Information shown:
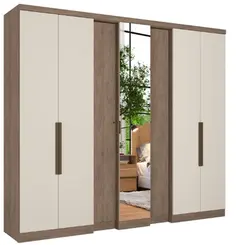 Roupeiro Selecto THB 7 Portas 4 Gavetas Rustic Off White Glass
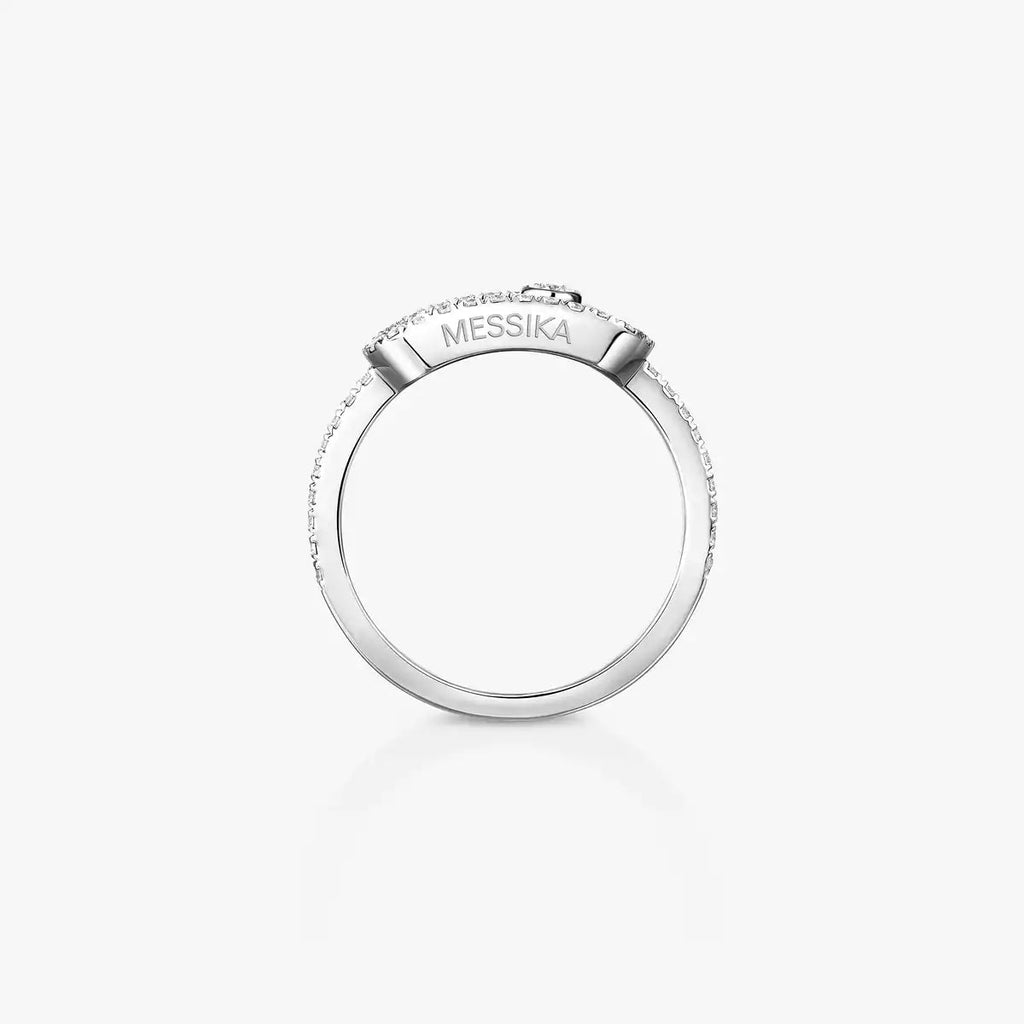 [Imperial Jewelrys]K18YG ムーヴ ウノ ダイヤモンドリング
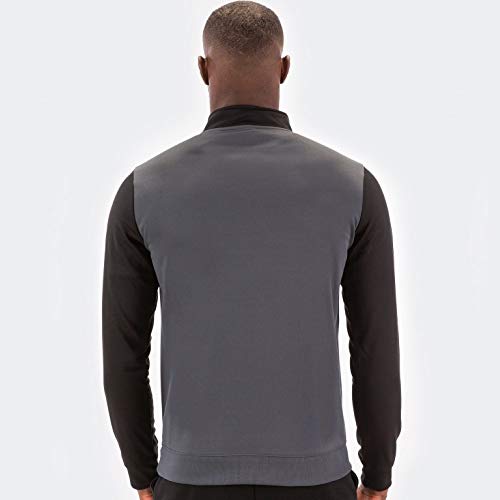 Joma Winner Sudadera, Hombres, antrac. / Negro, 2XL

What you have to do: Quote the listing above in full, except for the pictures.

Exercise output:
 Roupeiro Selecto THB 7 Portas 4 Gavetas Rustic Off White Glass
 [Imperial Jewelrys]K18YG ムーヴ ウノ ダイヤモンドリング
 Joma Winner Sudadera, Hombres, antrac. / Negro, 2XL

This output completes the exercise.